* WHAT IS REQUIRED *
Scan the entries for lines with the word "Quilted", then copy those lines.

INPUT DATA Start Marker

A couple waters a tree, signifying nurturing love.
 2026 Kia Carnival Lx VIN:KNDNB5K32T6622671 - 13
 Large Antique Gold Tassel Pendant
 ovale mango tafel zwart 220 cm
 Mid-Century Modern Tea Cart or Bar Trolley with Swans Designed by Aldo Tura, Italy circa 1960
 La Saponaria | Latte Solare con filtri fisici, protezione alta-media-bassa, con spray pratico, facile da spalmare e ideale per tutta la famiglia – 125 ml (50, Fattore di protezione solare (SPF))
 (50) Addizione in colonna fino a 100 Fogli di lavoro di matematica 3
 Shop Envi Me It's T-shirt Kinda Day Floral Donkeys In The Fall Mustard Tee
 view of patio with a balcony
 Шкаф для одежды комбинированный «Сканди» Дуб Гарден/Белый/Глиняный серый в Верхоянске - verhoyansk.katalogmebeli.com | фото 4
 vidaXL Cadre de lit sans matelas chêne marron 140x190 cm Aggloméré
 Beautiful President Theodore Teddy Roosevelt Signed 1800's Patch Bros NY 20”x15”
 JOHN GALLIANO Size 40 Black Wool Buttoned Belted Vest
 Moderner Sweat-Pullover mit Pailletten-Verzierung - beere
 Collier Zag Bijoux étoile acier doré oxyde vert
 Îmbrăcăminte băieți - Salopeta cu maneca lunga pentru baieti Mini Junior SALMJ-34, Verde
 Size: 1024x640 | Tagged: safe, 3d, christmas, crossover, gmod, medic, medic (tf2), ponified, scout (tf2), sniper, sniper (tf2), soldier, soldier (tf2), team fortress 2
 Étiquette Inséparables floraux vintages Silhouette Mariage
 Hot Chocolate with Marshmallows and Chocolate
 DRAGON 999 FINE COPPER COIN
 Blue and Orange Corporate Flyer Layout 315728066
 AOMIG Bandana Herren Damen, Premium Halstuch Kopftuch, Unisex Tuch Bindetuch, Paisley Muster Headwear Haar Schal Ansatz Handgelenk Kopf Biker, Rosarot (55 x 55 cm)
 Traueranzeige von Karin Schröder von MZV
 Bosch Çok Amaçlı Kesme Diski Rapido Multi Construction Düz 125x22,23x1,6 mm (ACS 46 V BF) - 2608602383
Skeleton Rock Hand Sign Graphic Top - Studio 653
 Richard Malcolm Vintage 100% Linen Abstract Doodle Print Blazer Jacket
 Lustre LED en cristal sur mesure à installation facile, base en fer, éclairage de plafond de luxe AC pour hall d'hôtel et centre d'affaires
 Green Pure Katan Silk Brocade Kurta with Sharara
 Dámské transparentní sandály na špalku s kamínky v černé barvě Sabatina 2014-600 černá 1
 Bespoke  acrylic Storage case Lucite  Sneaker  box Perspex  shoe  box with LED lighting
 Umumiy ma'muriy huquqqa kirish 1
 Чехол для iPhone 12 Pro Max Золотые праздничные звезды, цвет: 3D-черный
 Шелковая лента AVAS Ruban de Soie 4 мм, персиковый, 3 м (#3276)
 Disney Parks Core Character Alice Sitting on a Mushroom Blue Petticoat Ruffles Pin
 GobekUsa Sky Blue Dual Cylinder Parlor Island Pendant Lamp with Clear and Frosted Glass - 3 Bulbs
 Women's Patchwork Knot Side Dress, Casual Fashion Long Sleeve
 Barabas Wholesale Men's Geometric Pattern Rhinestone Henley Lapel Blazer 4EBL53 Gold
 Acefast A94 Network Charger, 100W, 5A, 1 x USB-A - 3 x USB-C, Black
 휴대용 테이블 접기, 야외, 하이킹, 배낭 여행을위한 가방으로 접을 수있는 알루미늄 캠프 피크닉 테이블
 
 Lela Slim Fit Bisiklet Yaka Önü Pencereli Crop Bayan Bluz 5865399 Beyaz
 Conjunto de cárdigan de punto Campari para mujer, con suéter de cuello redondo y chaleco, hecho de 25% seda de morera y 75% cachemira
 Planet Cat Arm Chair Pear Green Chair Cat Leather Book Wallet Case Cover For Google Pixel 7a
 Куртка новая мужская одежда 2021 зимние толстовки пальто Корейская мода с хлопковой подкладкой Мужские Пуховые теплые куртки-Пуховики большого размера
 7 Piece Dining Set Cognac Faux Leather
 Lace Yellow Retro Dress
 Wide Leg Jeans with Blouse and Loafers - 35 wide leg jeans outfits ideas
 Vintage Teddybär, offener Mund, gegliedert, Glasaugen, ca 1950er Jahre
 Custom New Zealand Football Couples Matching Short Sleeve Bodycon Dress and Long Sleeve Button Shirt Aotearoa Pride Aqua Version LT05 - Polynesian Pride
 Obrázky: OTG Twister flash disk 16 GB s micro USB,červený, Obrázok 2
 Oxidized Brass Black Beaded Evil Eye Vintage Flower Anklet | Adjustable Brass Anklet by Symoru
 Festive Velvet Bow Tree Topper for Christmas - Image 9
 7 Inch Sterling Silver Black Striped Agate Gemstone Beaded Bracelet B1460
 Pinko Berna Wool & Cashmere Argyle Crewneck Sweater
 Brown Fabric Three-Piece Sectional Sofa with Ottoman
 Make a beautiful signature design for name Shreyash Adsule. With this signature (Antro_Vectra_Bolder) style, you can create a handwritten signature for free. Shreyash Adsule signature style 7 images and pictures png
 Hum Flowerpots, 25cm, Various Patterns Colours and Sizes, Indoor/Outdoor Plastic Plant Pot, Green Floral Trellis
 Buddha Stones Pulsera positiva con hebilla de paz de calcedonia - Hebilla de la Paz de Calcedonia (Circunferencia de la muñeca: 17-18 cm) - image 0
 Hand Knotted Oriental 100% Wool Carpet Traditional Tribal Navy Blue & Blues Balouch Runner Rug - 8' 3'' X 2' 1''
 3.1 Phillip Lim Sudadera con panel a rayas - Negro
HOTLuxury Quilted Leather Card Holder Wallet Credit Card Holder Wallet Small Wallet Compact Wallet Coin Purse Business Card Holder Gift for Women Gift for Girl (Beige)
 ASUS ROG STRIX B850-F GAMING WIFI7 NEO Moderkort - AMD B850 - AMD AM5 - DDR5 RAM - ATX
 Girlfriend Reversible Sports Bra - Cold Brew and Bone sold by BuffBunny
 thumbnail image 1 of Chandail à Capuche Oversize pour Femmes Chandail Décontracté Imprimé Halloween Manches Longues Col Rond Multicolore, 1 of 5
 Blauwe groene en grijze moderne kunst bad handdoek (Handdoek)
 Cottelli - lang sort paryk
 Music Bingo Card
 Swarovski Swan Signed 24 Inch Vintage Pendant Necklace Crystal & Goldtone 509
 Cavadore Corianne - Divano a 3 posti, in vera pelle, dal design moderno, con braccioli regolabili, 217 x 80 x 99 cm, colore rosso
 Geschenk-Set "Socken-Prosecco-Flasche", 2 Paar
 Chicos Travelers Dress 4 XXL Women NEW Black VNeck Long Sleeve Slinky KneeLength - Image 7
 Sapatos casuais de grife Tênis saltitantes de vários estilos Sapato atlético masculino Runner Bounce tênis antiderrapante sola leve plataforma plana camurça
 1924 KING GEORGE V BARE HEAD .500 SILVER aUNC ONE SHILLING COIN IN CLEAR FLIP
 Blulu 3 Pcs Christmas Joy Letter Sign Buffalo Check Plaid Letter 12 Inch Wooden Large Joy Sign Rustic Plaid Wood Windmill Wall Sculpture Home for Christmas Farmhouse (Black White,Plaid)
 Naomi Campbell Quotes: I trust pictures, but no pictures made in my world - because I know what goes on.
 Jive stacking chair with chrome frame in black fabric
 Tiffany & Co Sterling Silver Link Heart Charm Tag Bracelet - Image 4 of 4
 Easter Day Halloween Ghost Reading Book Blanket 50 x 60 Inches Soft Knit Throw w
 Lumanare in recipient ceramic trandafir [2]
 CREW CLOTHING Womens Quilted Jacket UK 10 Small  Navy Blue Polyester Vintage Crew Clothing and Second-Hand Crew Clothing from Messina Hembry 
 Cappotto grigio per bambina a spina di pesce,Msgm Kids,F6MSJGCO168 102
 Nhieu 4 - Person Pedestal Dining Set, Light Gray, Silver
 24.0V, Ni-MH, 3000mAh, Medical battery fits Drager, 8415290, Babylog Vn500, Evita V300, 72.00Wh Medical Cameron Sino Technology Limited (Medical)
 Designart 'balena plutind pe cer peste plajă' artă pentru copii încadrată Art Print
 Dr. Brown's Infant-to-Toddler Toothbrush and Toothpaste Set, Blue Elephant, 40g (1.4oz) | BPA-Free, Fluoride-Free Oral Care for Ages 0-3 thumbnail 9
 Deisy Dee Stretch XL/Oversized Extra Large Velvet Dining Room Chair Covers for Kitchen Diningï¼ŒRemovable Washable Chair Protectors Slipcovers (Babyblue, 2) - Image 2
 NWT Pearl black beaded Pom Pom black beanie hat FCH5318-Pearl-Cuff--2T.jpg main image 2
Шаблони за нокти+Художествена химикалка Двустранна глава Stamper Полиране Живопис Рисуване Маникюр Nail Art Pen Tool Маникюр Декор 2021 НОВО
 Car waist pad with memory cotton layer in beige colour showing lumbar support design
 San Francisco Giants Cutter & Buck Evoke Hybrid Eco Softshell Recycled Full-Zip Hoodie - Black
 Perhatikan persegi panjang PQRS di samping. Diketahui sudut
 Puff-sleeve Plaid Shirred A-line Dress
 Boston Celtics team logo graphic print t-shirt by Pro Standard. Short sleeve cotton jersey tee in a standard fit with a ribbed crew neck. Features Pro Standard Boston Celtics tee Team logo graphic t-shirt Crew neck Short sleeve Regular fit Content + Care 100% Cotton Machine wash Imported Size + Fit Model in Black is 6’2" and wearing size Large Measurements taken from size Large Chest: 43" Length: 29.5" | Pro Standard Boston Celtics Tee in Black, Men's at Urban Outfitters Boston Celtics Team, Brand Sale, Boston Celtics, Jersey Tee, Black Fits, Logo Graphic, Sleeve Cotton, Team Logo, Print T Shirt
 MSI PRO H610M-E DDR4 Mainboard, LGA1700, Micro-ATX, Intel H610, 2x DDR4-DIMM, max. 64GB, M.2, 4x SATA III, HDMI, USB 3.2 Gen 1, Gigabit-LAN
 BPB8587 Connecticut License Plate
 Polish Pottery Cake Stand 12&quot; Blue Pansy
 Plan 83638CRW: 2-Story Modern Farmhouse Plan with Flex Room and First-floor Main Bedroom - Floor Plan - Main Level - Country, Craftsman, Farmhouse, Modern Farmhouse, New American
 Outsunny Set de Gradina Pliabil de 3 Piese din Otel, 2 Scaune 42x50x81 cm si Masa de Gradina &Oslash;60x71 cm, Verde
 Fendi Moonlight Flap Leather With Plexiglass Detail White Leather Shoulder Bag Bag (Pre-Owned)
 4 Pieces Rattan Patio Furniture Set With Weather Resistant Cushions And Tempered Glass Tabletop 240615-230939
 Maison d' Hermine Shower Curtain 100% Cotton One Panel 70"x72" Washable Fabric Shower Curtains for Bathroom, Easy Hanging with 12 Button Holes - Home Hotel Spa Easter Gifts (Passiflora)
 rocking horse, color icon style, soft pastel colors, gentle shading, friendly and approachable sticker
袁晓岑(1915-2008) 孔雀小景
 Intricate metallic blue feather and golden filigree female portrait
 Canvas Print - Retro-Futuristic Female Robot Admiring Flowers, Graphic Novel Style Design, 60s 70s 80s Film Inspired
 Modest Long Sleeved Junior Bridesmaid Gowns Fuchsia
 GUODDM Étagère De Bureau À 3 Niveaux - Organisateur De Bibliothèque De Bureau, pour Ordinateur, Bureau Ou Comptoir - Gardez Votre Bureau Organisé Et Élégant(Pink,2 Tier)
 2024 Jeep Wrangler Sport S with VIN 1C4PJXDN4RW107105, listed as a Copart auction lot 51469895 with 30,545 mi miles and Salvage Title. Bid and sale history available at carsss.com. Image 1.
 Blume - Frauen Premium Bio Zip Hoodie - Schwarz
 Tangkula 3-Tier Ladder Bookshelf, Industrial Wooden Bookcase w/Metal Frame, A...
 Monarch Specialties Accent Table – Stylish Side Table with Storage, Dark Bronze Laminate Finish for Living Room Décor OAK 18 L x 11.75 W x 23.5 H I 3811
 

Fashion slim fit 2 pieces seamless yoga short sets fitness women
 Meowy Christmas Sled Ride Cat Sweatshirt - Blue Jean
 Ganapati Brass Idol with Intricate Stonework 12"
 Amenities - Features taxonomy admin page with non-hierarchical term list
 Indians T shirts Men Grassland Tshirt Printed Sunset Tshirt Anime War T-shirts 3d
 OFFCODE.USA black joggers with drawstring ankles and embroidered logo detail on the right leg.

INPUT DATA End Marker

* EXERCISE SOLUTION *
HOTLuxury Quilted Leather Card Holder Wallet Credit Card Holder Wallet Small Wallet Compact Wallet Coin Purse Business Card Holder Gift for Women Gift for Girl (Beige)
 CREW CLOTHING Womens Quilted Jacket UK 10 Small  Navy Blue Polyester Vintage Crew Clothing and Second-Hand Crew Clothing from Messina Hembry 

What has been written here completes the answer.